What happens, when a state like Portugal raises money? They issue government securities which are bought by the banks. A government security is a promise to pay, in other words, a promise that the banks will have a claim on tax revenue collected from the working population. The banks add these securities to their assets as deposits and, by the ludicrous system of fractional reserve banking, they are permitted to issue tenfold of their deposits in new credits. And it is this new money, created out of nothing on the basis of the state's promise to pay them back, which they then land to the government for its expenditure and charge interest on top of it! And so the vicious cycle continues: The state allows the banks to create credit and charge the cost to the state until the state can no longer bear the costs. Now if a bank overstretches itself and goes broke, the state (through the national bank as lender of last resort) bails it out. If the state consequently goes broke, as it must, other states in the Confederation, in this case the European Union, come to its rescue. They attach so-called austerity measures, measures designed to make sure that the banks get their illegitimate gain for the money they never had, no matter how tough it will be for the people to raise the revenue.

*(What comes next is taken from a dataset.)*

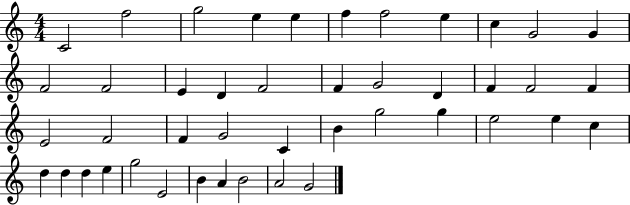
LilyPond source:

In the UK we had the same twisted logic: banks were failing. In the past it was always justified that they charge interest because of the risks they take. In fact, they take no risks at all as every credit they issue is new money at no cost to them. So what did the government do? It bailed out the banks with a rescue package. Where did it get the money from for bailing out the banks? By borrowing from those very same banks! Makes sense, doesn't it? And then there was quantitative easing, in other words, expanding the money supply. But instead of injecting new cash in the economy pay for education or health care, the government gave the increase to the banks as government securities to allow them to issue the very same money and multiples of it with an interest charge attached to it. Heads, the people loose and the banks win. Tails, the banks win and the people loose.

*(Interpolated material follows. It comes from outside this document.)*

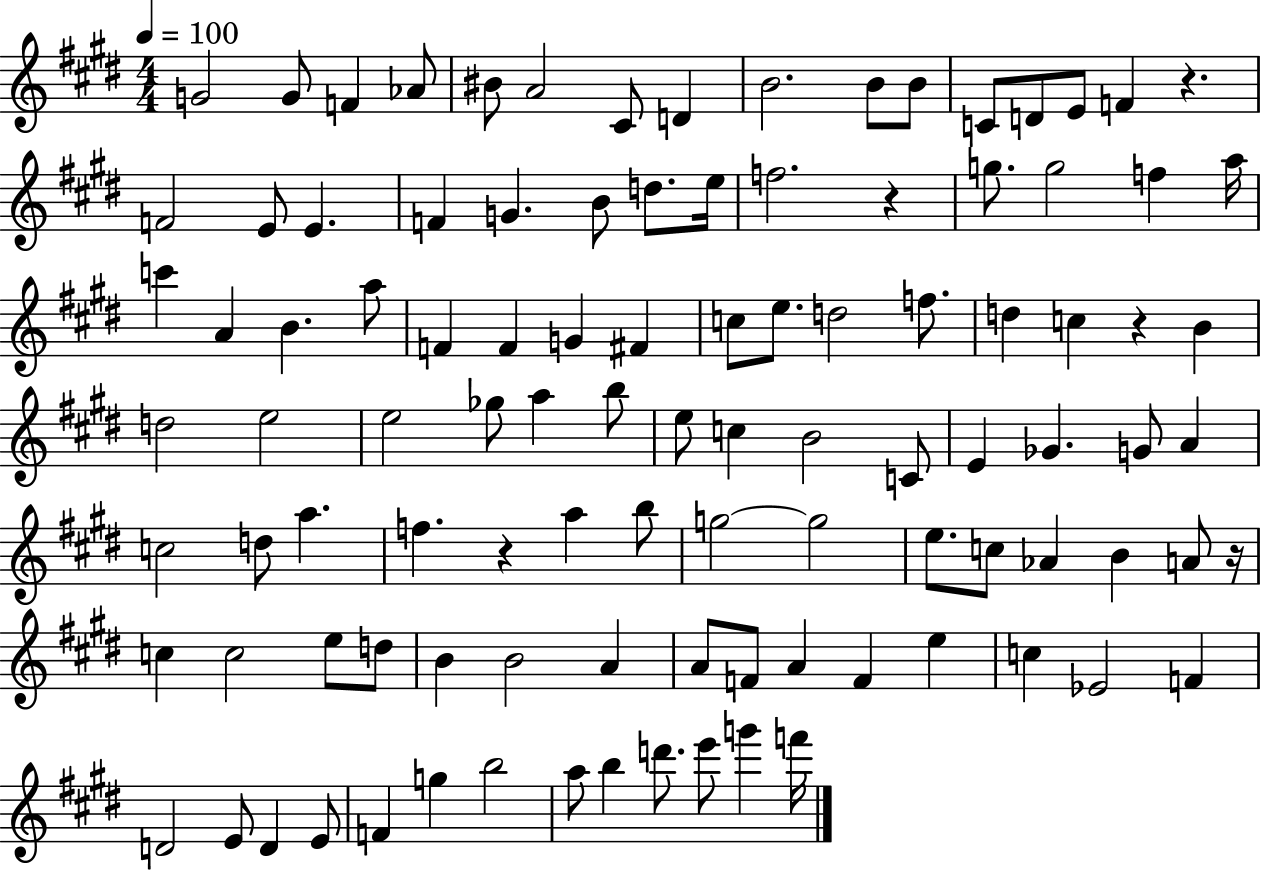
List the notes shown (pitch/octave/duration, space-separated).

G4/h G4/e F4/q Ab4/e BIS4/e A4/h C#4/e D4/q B4/h. B4/e B4/e C4/e D4/e E4/e F4/q R/q. F4/h E4/e E4/q. F4/q G4/q. B4/e D5/e. E5/s F5/h. R/q G5/e. G5/h F5/q A5/s C6/q A4/q B4/q. A5/e F4/q F4/q G4/q F#4/q C5/e E5/e. D5/h F5/e. D5/q C5/q R/q B4/q D5/h E5/h E5/h Gb5/e A5/q B5/e E5/e C5/q B4/h C4/e E4/q Gb4/q. G4/e A4/q C5/h D5/e A5/q. F5/q. R/q A5/q B5/e G5/h G5/h E5/e. C5/e Ab4/q B4/q A4/e R/s C5/q C5/h E5/e D5/e B4/q B4/h A4/q A4/e F4/e A4/q F4/q E5/q C5/q Eb4/h F4/q D4/h E4/e D4/q E4/e F4/q G5/q B5/h A5/e B5/q D6/e. E6/e G6/q F6/s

For centuries now, governments have been the servants not of the people but of the banks. They have permitted those financial institutions to defraud whole nations for their private gain, laying claim to a nation's resources and real assets through foreclosures on loans they issued without putting up any real assets of their own. Portugal is not needing a bail-out because of some natural disaster, or having lost all its working manpower in a war, or having had a bad harvest or lost all its natural resources. It is going to the wall because the banking system of compound interest on credit created based on the empty promises of repayments of earlier credits is bound to self-destruct, and instead of taking the blame, the banks want the government to carry the can. We're going to see a lot more misery until common sense returns and governments represent their own people and issue their nations' money supply free of interest charges to facilitate trade, ultimately to be cancelled out again by taxation. But then, common sense is in particularly short supply at the moment, whereas bank-created money abounds.